Llegar a los campamentos de evacuados instalados en barrio La Tablada y La Florida, es lo más parecido a un chiquero urbano, repleto de familias que día a día realizan esfuerzos denodados por sobrevivir a una trampa de barro, frío y humedad. Muchos hace casi tres meses que están en el lugar, la mayoría llegó producto del recambio de gente que ha logrado volver a sus hogares.

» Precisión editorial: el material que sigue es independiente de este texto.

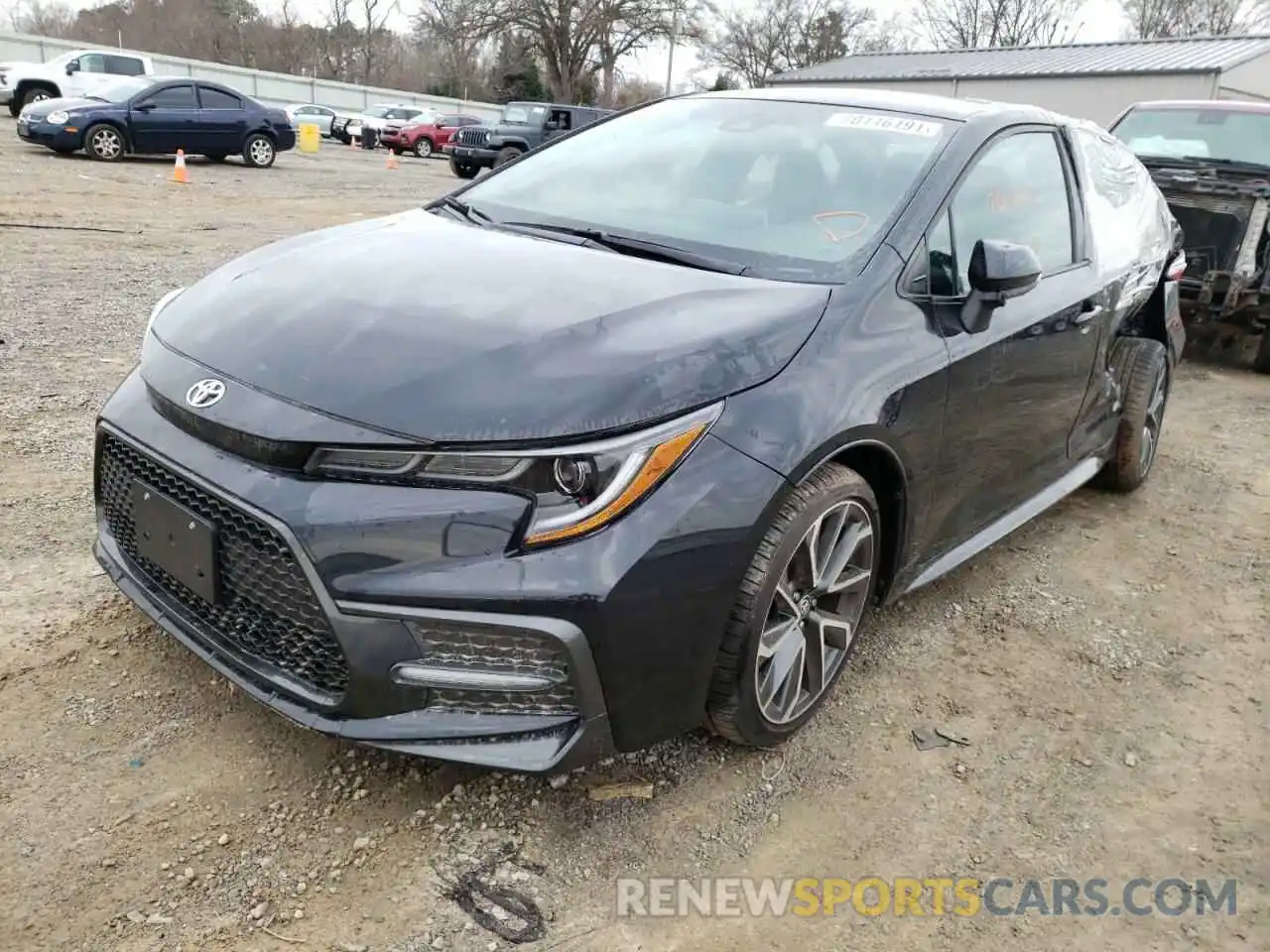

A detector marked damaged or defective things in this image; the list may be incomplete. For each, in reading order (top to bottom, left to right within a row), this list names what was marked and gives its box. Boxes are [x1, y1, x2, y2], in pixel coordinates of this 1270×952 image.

damaged black suv [1117, 99, 1270, 373]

El panorama desde hace tiempo se ha complicado para los vecinos alojados en las carpas “pero el miedo a que el gobierno no siga entregando ayuda”, fue un silenciador invisible de los reclamos que intentaban realizar. Tampoco, faltó algún puntero o “coordinador” que controlara de cerca lo que los vecinos decían ante los micrófonos de los periodistas, para recalcar “la carita feliz que tiene Carlos; lo contenta que está Rosita de estar acá”, acompañados por gestos tan poco espontáneos como creíbles. Después, también llegaron las advertencias para “tener cuidado con lo que decimos al aire, porque acá la gente está contenta y no hay que llenarle la cabeza con cosas”. Luego, esos mismos punteros echaron groseramente a dos colegas de dos medios santafesinos cuando quisieron informar lo que ocurría en los campamentos, sin que el gobierno provincial ni municipal (responsable del mismo) dijera una palabra al respecto.
A ello, debió sumarse en los últimos días las malas condiciones climáticas existentes en la ciudad, que impidieron el escurrimiento y el secado de la cantidad de agua llovida, que comenzó a ingresar en las carpas, y sobretodo, a deteriorar la estructura no apta para permanecer tanto tiempo sometida al efecto de la humedad.
En el campamento ubicado sobre calle Salta, muchas familias comenzaron a quejarse del mal estado de la base de las tiendas, que se deterioró por el contacto con el agua, permitiendo su ingreso al interior, mojando mantas y frazadas. El barro también complica la vida diaria de los todavía evacuados: “los zapatos se ensucian y se vuelven inutilizables; no se puede entrar a las carpas sin hacer un chiquero; se moja la ropa y se siente mas el frío”, son algunas de las cosas que comienzan a enumerar los vecinos cuando ven alguien dispuestos a escucharlos.
las casas se están pudriendo abajo estamos prácticamente como al principio
Por todo eso, un grupo importante de personas se trasladó ayer hacia los galpones del puerto, para solicitar nuevas carpas, frazadas y ropas secas, para lo cual, la respuesta fue negativa: “esas cosas están en el GADA, acá sólo hay comida”, dijeron aunque los vecinos también corroboraron que había ropa y frazadas en el lugar.